First, even though the property had been transferred, the Borough had not yet received a tax deed and clear title pursuant to AS 29.45.450. The legislature used the term “former owner” to distinguish the taxpayer from the Borough—we see no evidence of legislative intent for the phrase to effect a change in the property's ownership. Second, taxes originating in 2005 were not included in the 2005 foreclosure action. As the Borough notes, preventing a subsequent foreclosure action for taxes that became due after the original foreclosure action was filed would “greatly hinder[ ]” the tax collection process. Third, AS 29.45.330 and .360, in conjunction with our conclusion above that unpaid taxes roll over from one year to the next, require municipalities to initiate foreclosure proceedings annually against property with unpaid taxes until the taxes are paid. Preventing subsequent foreclosures would conflict with these provisions. Therefore the Borough correctly initiated subsequent foreclosure proceedings even though the 2005 action was still pending.

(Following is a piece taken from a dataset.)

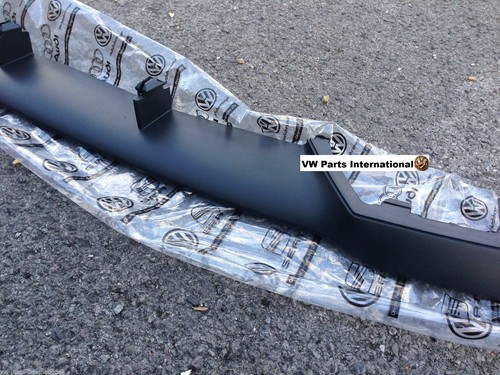 VW GOLF MK4 GTI R32 SPLITTER SEAT LEON CUPRA R GENUINE NEW VW OEM PARTS - Picture 2 of 4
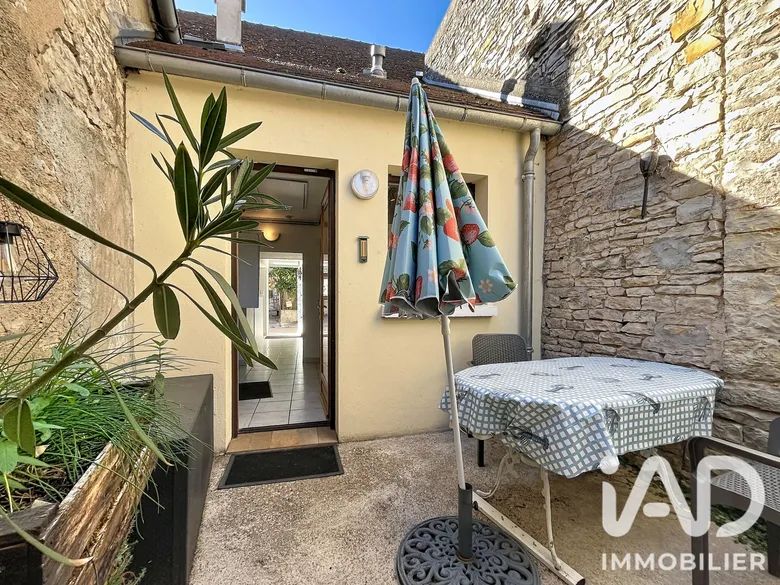 Maison 2 pièces 54 m² · à Vermenton · 54,3 m² · 650 €/mois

As the Borough notes, Falke's reliance on Municipality of Anchorage v. Wallace, 597 P.2d 148 (Alaska 1979), to support his argument that “foreclosure ends when the entering of a Judgment and Decree that sells and transfers the lot to the Borough pursuant to AS 29.45.380 and .390” is misplaced. In Wallace, unlike in this case, the tax deed had already been transferred to the municipality. Id. at 150.
FN30. See AS 29.45.330(a) (“A municipality shall ... annually present a petition for judgment and a certified copy of the foreclosure list for the previous year's delinquent taxes....”); AS 29.45.360 (“A municipality shall bring one general foreclosure proceeding in rem against the properties included in the foreclosure list.”).
E. Sanctions
Falke asserts that the superior court erred in denying his motion for sanctions against the Borough attorney. In the superior court Falke claimed the Borough attorney knowingly adopted legally erroneous positions by contesting the same arguments Falke has made before this court in the present case. In addition Falke argued that the Borough attorney “willfully and deliberately tried to deceive and to mislead this [c]ourt” by attaching a tax bill history ending in 2005 to the 2008 proposed judgment and decree, when AS 29.45.330 required delinquencies from the “previous year,” which was 2007. Falke repeats his arguments here, claiming the Borough “truly warrant[s] sanctioning, in that it caused substantial unnecessary filing and resulted in waste of judicial time.”
As discussed above, the Borough's positions are legally sound, including its position that unpaid taxes roll over from one year to the next. The Borough appropriately attached a tax bill history ending in 2005 to the proposed judgment and decree in the 2008 foreclosure proceedings because no new taxes have become due since 2005. The tax bill history sufficiently and accurately set forth Falke's unpaid taxes. Thus declining to impose sanctions against the Borough was not an abuse of discretion.
V. CONCLUSION
We AFFIRM the superior court's decision.
CHRISTEN, Justice, not participating.